The 39 Steps
The program sounds exhausting - four actors playing 139 roles in an Alfred Hitchcock suspense thriller with a twist.
What is exhausted in this devilishly clever two hour production is every ounce of imaginative stagecraft, every accent known and exaggerated, and every seat in QPAC’s Cremorne Theatre.
Queensland Theatre’s The 39 Steps is sold out, which is frustrating because the moment it finishes, there’s a great urge to get another ticket and see it again.
It is a farce, a murder mystery, a comedy, a romance and riotously good fun.
The story follows an unassuming Canadian gentleman, Richard Hannay, whose hospitable nature lands him in the middle of a national security crisis in 1930s Britain. He has to stay ahead of a pack of spies while racing through the Scottish Highlands trying to find out what the 39 Steps are.
The breath that gives life to the characters in Patrick Barlow’s script belongs to four of Queensland’s most endearing thespians: Hugh Parker, Liz Buchanan, Leon Cain and Bryan Probets. In some scenes, Probets and Cain work on characters like paramedics performing CPR on a patient. Probets fills the character’s lungs with air to begin a sentence only to have that sentence taken over by Cain who has, in the passage of a few short seconds, morphed into that character, allowing Probets to finish his own sentence as someone else.

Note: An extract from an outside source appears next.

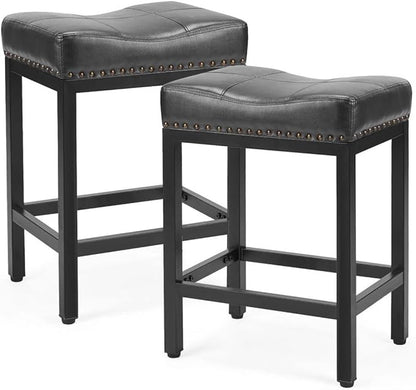 Counter Stools Set of 2 Upholstered Counter Height Bar Stools with Padded Seats and Metal Base, Leather Saddle Stool for Modern Kitchen Island, 22.4-Inch, Black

It might sound confusing but to see the transformation on stage is like watching a magician’s slight of hand during a card trick, it is seemless and totally believable. The influence of choreographer Chris Horsey and dialect coach Helen Howard cannot be underplayed in such scenes.
David Murray showcases his masterful talents in the lighting department, at one point turning a static stage into a fast-moving train all with a play on lighting, while our accidental hero clings to the outside of the carriage to escape capture.
That accidental hero is Richard Hannay, played with great affection by Hugh Parker and only Hugh Parker for the entire show. While Liz Buchanan, playing Annabella Schmidt, Margaret and Pamela, is a little less schizophrenic than Probets and Cain but no less entertaining.
There is no rest in this production, no matter how many beds or resting places pop up, it is fast paced from beginning to end and an example of the stellar talent working in Queensland at the moment.
If Jon Halpin’s production comes to a theatre near you in the future, don’t hesitate to book tickets. The only thing left to say to cast and crew is: “Thank-you! Thank-you!”